In that context, I need to sample with Stan frequently. Since the likelihood of the model is expensive to compute, I’m trying to minimize the number of warmup iterations. Hence, the first time I call Stan, I let it perform the full warmup. For the subsequent calls I would like to hint the initial step size and metric using the previous output and reduce the warmup’s length (under the assumption that the geometry of the posterior is not significantly different in different parts of the posterior). I do this in the following manner:

stan_output = model.sample(data=data, inits=inits, iter_sampling=sample_size, chains=1,
                iter_warmup=30, adapt_init_phase=0, adapt_metric_window=20, adapt_step_size=10, metric=previous_metric, step_size=previous_step_size)
previous_metric = [{"inv_metric": metric} for metric in stan_output.metric]
previous_step_size = list(map(float, stan_output.step_size))

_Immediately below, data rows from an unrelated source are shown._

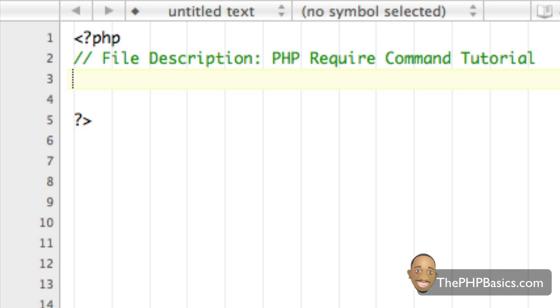Hello, everyone. In this tutorial, what we'll be covering is the PHP require command, and the require command is very similar to the include command, but there is one difference.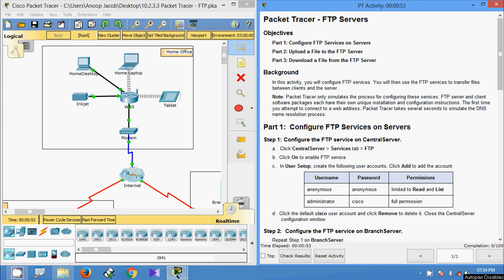Hi friends, welcome to all. In this video, we are going to see the packet tracer activity FTP servers.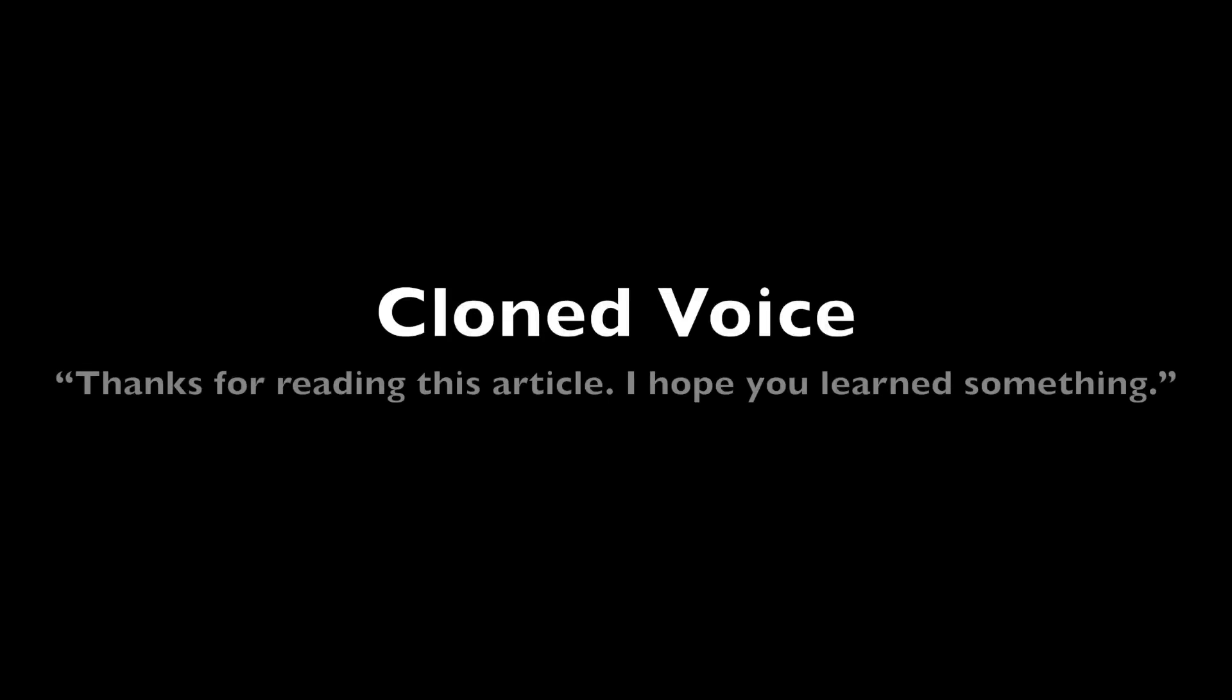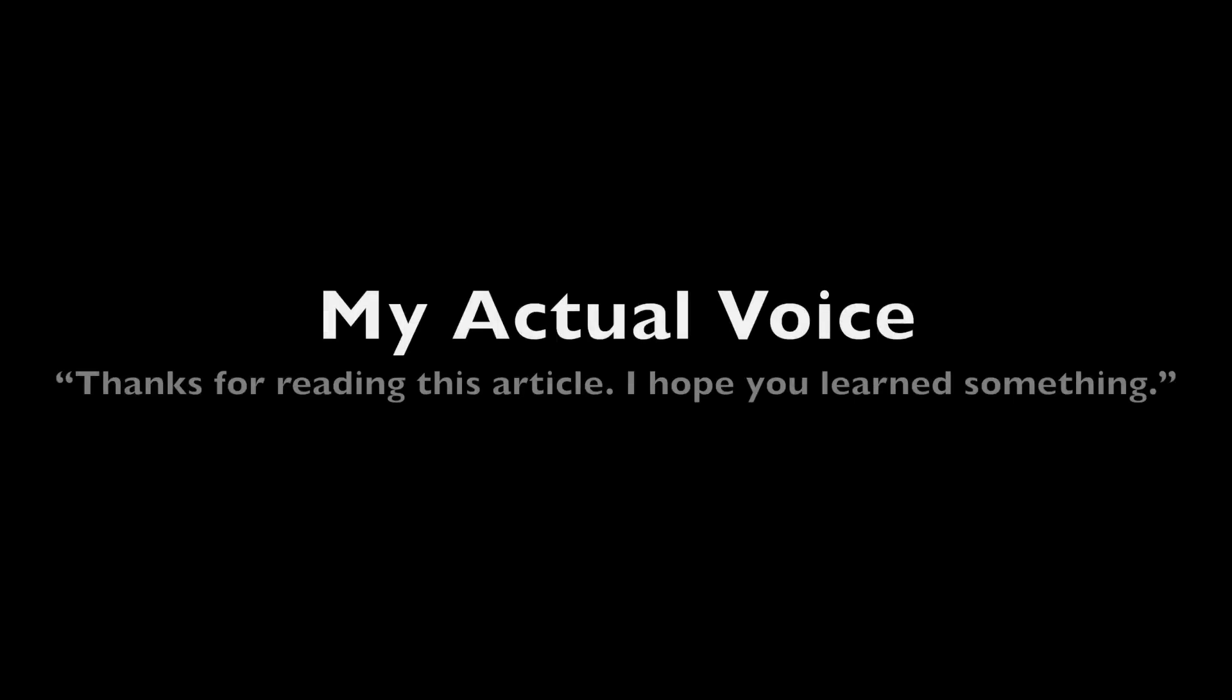For this video I created the following audio sample: Thanks for reading this article. I hope you learned something. And after generating that audio sample, I tried to speak it with my own voice, which sounded like this one. Thanks for reading this article. I hope you learned something.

When I try to do this however, I get the error:

Traceback (most recent call last):                                                                                                                             
  File "/usr/lib/python3.11/multiprocessing/process.py", line 314, in _bootstrap                                                                               
    self.run()                                                                                                                                                 
  File "/usr/lib/python3.11/multiprocessing/process.py", line 108, in run                                                                                      
    self._target(*self._args, **self._kwargs)                                                                                                                  
  File "embed.py", line 161, in <lambda>                                                          
    run_parallel_chains(lambda chain, log_progress: sample_chain(                                                                                              
                                                    ^^^^^^^^^^^^^                                                                                              
  File "embedding/embedding.py", line 119, in sample_chain                                
    parameters, *args = hmc_sample(replace_known_parameters(current_parameters, known_parameters), hmc_sample_size, *args)                                     
                        ^^^^^^^^^^^^^^^^^^^^^^^^^^^^^^^^^^^^^^^^^^^^^^^^^^^^^^^^^^^^^^^^^^^^^^^^^^^^^^^^^^^^^^^^^^^^^^^^^^                                     
  File "embed.py", line 121, in hmc_sample_s1                                                     
    stan_output = stan_model.sample(**sample_args)                                                                                                             
                  ^^^^^^^^^^^^^^^^^^^^^^^^^^^^^^^^                                                                                                             
  File "lib/python3.11/site-packages/cmdstanpy/model.py", line 1210, in sample                                           
    mcmc = CmdStanMCMC(runset)
           ^^^^^^^^^^^^^^^^^^^
  File "lib/python3.11/site-packages/cmdstanpy/stanfit/mcmc.py", line 103, in __init__
    config = self._validate_csv_files() 
             ^^^^^^^^^^^^^^^^^^^^^^^^^^ 
  File "lib/python3.11/site-packages/cmdstanpy/stanfit/mcmc.py", line 297, in _validate_csv_files
    dzero = check_sampler_csv(
            ^^^^^^^^^^^^^^^^^^
  File "lib/python3.11/site-packages/cmdstanpy/utils/stancsv.py", line 44, in check_sampler_csv
    meta = scan_sampler_csv(path, is_fixed_param)
           ^^^^^^^^^^^^^^^^^^^^^^^^^^^^^^^^^^^^^^
  File "lib/python3.11/site-packages/cmdstanpy/utils/stancsv.py", line 103, in scan_sampler_csv
    raise ValueError("Error in reading csv file: " + path) from e
ValueError: Error in reading csv file: tmp_output/model-20230811083634.csv
Process Process-3:
Traceback (most recent call last):
  File "lib/python3.11/site-packages/cmdstanpy/utils/stancsv.py", line 100, in scan_sampler_csv
    lineno = scan_hmc_params(fd, dict, lineno)
             ^^^^^^^^^^^^^^^^^^^^^^^^^^^^^^^^^
  File "lib/python3.11/site-packages/cmdstanpy/utils/stancsv.py", line 352, in scan_hmc_params
    raise ValueError(
ValueError: line 47: expecting metric, found:
         "# Step size = 0.00195086"

I tried to work out a MWE but I can’t reproduce the problem with a small simple model, so I share here the output csv file which CmdStanPy cannot parse properly.
model-20230811083634_0-stdout.txt (1.8 KB)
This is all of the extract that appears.